Oil and natural gas production continued to grow in the United States in 2013 even as progress on new federal laws and regulations stalled – but local opposition to shale gas and oil development increased.
Canadian shale gas also ballooned – to 2.8 billion cubic feet per day in May 2013 – but still lagged behind its southern neighbor. Canadian shale gas represented only 15 percent of the country’s 2012 production, but jumped to 20 percent in 2013, as per the Canada National Energy Board and U.S. Energy Information Administration (EIA).
Outside North America, a dozen countries conducted exploratory shale gas drilling – but only China reported commercially viable production, according to EIA. China’s shale gas represented only one percent of the country’s total gas production.
U.S. Production Grew
U.S. oil and natural gas production grew substantially in 2013, but low gas prices continued to shift drilling activities away from natural gas. Below are just a few statistics (EIA data) to document these patterns:
- In 2012 shale gas was 39 percent of U.S. dry gas production, and Marcellus production was 18 percent of U.S. production.

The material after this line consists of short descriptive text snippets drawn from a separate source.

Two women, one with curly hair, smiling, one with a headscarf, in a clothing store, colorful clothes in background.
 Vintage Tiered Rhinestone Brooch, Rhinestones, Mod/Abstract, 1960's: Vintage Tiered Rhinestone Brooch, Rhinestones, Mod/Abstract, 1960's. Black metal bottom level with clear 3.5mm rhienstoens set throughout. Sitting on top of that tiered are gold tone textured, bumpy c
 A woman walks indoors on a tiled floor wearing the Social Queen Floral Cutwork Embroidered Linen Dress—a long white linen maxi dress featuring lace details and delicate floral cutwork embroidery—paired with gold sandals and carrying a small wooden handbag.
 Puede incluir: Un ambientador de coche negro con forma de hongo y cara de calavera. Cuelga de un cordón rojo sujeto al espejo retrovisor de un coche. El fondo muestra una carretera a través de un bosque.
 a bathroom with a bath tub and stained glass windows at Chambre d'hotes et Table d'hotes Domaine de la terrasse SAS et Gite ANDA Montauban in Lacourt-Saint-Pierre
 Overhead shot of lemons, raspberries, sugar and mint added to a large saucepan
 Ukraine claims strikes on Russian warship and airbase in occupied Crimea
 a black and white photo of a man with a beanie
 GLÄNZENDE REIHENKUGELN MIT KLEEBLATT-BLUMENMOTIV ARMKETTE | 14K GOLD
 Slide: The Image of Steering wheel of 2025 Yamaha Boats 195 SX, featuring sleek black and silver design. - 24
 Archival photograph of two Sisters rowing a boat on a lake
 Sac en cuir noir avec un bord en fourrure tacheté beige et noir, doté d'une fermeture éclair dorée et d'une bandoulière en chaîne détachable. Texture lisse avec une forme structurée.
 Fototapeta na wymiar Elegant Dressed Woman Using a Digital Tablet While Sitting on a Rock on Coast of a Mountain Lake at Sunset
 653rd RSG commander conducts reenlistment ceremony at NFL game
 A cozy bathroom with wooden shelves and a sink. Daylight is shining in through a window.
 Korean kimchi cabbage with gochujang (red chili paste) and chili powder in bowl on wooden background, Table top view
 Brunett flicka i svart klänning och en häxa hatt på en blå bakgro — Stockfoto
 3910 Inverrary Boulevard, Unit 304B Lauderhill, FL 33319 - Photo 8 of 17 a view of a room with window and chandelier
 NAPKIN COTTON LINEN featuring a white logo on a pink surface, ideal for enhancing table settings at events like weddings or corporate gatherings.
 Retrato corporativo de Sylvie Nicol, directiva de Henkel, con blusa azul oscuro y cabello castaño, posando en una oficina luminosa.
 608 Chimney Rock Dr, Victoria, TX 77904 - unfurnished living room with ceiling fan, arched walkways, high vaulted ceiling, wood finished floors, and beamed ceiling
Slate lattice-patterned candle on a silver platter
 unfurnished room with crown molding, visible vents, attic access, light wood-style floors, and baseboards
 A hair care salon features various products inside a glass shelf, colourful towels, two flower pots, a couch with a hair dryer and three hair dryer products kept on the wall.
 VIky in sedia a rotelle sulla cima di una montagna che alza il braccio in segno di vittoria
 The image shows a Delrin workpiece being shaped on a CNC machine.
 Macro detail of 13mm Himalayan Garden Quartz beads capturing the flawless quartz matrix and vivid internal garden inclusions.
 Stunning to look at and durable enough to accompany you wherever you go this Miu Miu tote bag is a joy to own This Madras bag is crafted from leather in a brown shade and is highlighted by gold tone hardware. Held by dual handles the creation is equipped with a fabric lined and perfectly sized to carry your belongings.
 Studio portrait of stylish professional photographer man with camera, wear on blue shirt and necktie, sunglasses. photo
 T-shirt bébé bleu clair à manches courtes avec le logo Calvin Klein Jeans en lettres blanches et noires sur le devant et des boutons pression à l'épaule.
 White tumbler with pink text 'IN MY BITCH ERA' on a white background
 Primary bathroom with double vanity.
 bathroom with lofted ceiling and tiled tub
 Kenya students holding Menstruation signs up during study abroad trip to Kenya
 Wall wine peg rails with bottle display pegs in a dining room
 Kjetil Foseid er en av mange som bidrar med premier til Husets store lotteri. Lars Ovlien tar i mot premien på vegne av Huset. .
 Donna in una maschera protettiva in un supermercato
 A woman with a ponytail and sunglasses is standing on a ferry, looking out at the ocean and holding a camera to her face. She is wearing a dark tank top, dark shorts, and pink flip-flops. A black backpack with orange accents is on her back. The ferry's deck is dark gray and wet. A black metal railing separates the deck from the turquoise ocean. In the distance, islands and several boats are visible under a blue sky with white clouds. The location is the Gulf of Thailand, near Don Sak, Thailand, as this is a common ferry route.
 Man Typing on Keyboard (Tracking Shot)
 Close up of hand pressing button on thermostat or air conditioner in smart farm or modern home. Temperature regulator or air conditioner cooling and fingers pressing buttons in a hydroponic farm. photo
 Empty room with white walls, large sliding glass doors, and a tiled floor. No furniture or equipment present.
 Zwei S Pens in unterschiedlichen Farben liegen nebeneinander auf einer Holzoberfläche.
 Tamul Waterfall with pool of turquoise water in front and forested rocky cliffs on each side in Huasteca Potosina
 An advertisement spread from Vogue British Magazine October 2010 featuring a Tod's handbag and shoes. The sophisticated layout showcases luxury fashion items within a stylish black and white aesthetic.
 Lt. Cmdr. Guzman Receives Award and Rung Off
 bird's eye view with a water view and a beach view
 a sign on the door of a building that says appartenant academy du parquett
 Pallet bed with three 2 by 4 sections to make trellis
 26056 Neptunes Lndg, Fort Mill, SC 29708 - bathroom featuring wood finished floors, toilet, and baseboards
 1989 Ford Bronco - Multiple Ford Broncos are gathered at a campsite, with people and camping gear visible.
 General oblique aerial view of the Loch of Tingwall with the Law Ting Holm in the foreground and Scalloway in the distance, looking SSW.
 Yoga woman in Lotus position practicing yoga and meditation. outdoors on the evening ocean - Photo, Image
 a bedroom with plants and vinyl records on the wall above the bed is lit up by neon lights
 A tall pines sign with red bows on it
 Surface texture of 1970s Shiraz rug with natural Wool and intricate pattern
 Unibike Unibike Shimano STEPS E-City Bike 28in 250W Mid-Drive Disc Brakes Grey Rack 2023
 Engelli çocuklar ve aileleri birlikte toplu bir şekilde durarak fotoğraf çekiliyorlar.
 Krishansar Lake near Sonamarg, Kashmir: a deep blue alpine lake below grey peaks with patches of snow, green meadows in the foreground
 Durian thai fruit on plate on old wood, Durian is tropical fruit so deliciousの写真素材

By comparison, shale gas was 28 percent of production in 2011.
- Natural gas marketed production is projected to have increased from 69.2 Bcf/d in 2012 to 70.4 Bcf/d in 2013.
- The Henry Hub 2013 average price ($3.69 per thousand cubic feet, mcf, est.) was significantly above 2012 ($2.65/mcf), but nowhere close to the 2008 price of almost $8/mcf.
- The Bakken Shale produced approximately one million barrels per day in December 2013, and increased oil production from the formation contributed to September 2013 domestic oil production being almost 20 percent over September 2012.
- Oil well completions increased 18 percent while natural gas completions declined 30 percent, and total well completions increased 6 percent (American Petroleum Institute, third quarter 2013 compared to the third quarter 2012).
President Obama stated his intent to reduce greenhouse gas emissions, including reducing methane emissions from oil and gas operations, through executive branch actions because of congressional inaction, and many expected a rush of new regulations.
The early focus of this activity has been on coal-fired power plants, and almost no federal hydraulic fracturing regulations were finalized in 2013. The inaction may reflect longer times for the White House review process, plus the difficulty in dealing with the large number of comments received when draft rules and regulations were released.
The most recent White House regulatory agenda includes:
- The Bureau of Land Management plans to release its new hydraulic fracturing rules in May 2014.
- EPA’s draft guidance for hydraulic fracturing using diesel is not yet scheduled for release.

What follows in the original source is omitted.